Return only these lines: the one that contains "Summer New Arrival" and every line after it through the end of the listing, exactly, without pictures.

Supplied information:
§ §

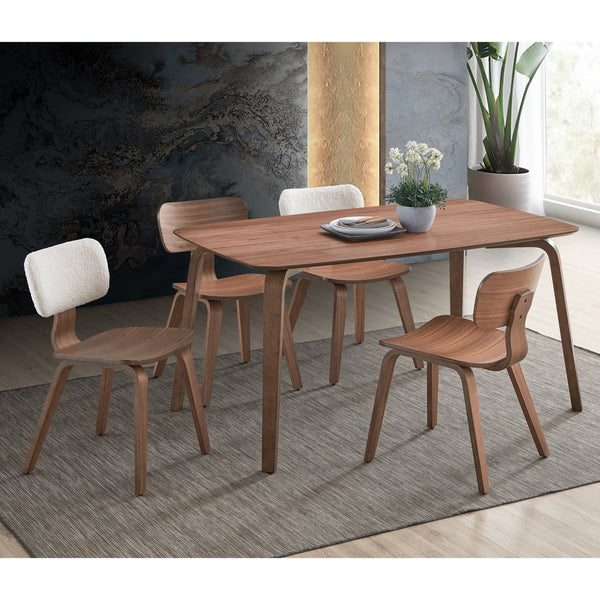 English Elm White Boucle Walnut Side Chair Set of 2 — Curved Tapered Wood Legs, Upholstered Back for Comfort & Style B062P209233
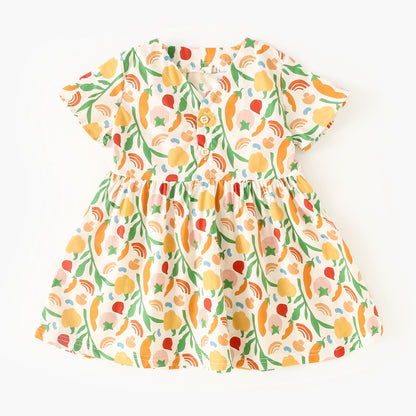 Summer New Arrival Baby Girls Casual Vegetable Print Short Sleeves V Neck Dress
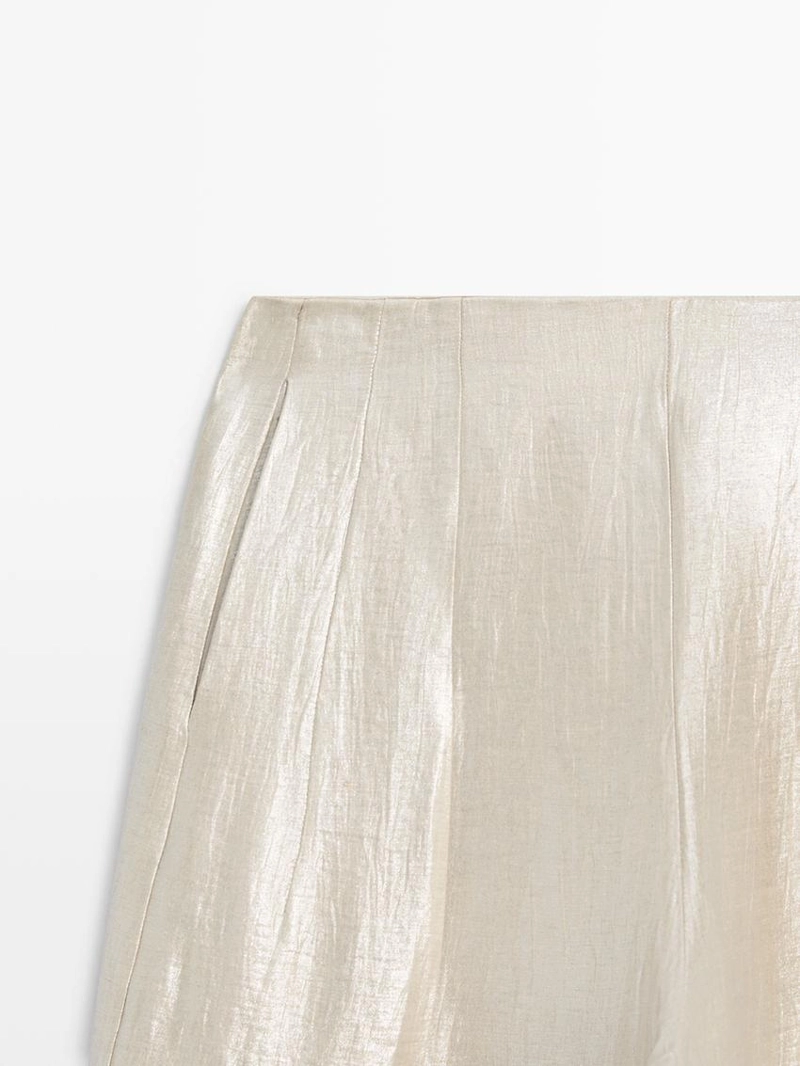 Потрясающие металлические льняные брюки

§ §

Result of the task:
 Summer New Arrival Baby Girls Casual Vegetable Print Short Sleeves V Neck Dress
 Потрясающие металлические льняные брюки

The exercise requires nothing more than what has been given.